Deixem-me viver na minha bolha

Sempre fui uma pessoa bastante reservada sobre a minha vida, os meus problemas, angústias, tristezas e até alegrias guardava-as sempre para mim, cheguei à conclusão que os anos passaram e nada mudou, continuo igual sem tirar nem por, continua tudo cá dentro bem guardadinho.

Eu tenho plena consciência que não é bom para mim, não consigo desabafar, não consigo confiar o suficiente nas pessoas para abrir o "meu mundo", tentei uma vez e fui mal sucedida logo não volta a acontecer.

Para além de não apreciar muito o facto de outras pessoas saberem tanto da minha vida quanto eu existe também o factor que eu chamo o "Factor Maria da Fé", sempre tive quem tecesse críticas, considerações e opiniões sobre como devo levar e reger a minha vida, como fazer para que esta seja melhor, pior ou igual sem as pedir.
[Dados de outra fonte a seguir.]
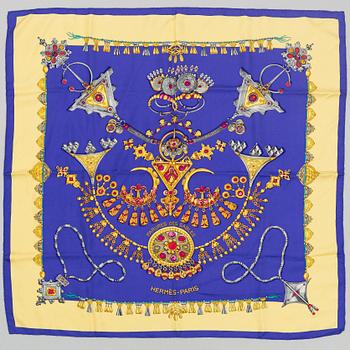 Hermès, scarf, "Parure de sables".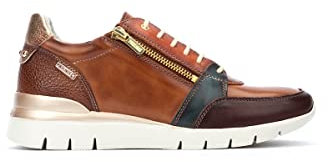 Pikolinos Deportivos en Cuero CANTABRIA para Señora Color Brandy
Sem saberem da minha vida, do que passei, do que fiz, do que penso, do que acho e não acho, algumas pessoas sentem-se no direito, quase na obrigação, de me encaminharem para um lugar que acham mais adequado para mim e acredito que o façam com a melhor das intenções, mas se não sabem de nada como é que podem aconselhar e/ou emitir juízos de opinião?

Não sei, só sei que continuo igual ao que era, uma pessoa fechada e reservada e não me está a querer parecer que vá mudar, já não tenho idade para mudanças radicais, apenas peço que me deixem viver na minha bolha, acho que não estou a pedir muito.